Exercise requirements:
Transcribe the listing underneath, keeping each word exact and omitting the images.

Data:
----------
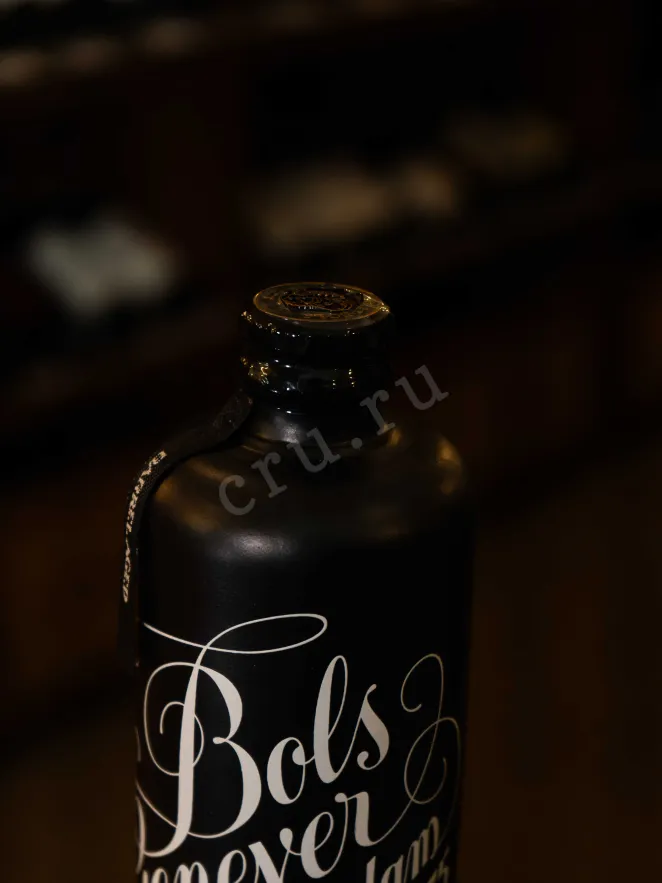 Пробка Bols Genever Barrel Aged 0.7 л
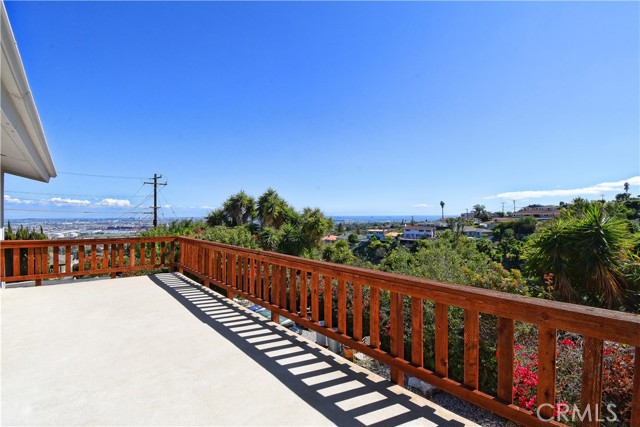 16 Goldenspur Lane, Rancho Palos Verdes, California 90275, 3 Bedrooms Bedrooms, ,1 BathroomBathrooms,Residential,Sold,Goldenspur,PV21050864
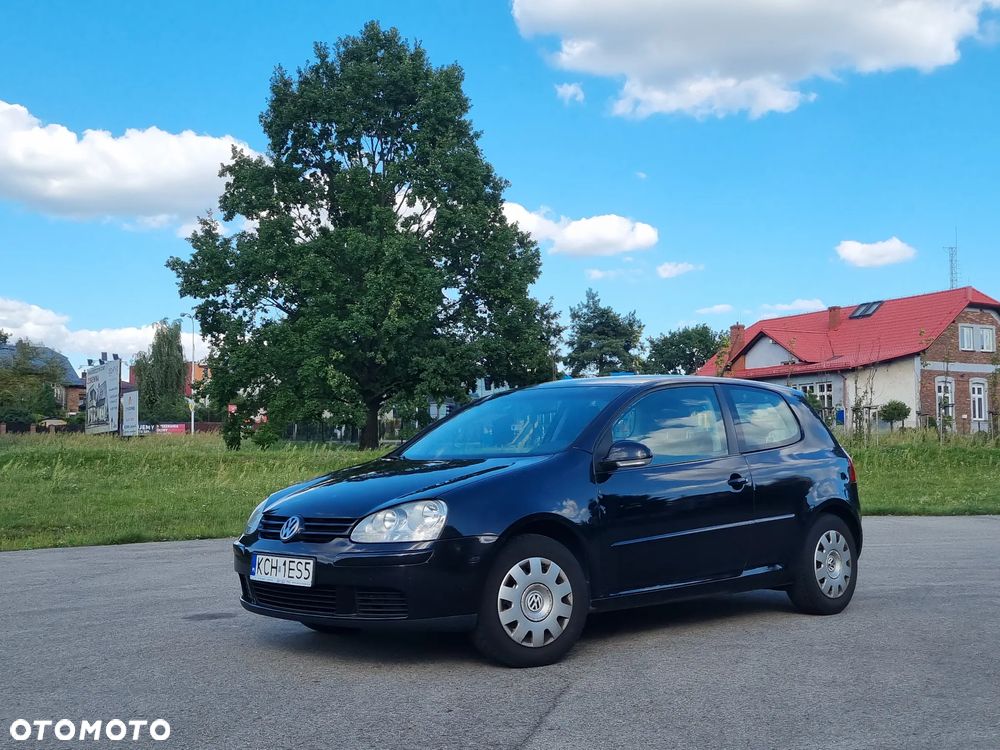 Volkswagen Golf V 1.9 TDI Comfortline - 1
----------
Response area:
 Пробка Bols Genever Barrel Aged 0.7 л
 16 Goldenspur Lane, Rancho Palos Verdes, California 90275, 3 Bedrooms Bedrooms, ,1 BathroomBathrooms,Residential,Sold,Goldenspur,PV21050864
 Volkswagen Golf V 1.9 TDI Comfortline - 1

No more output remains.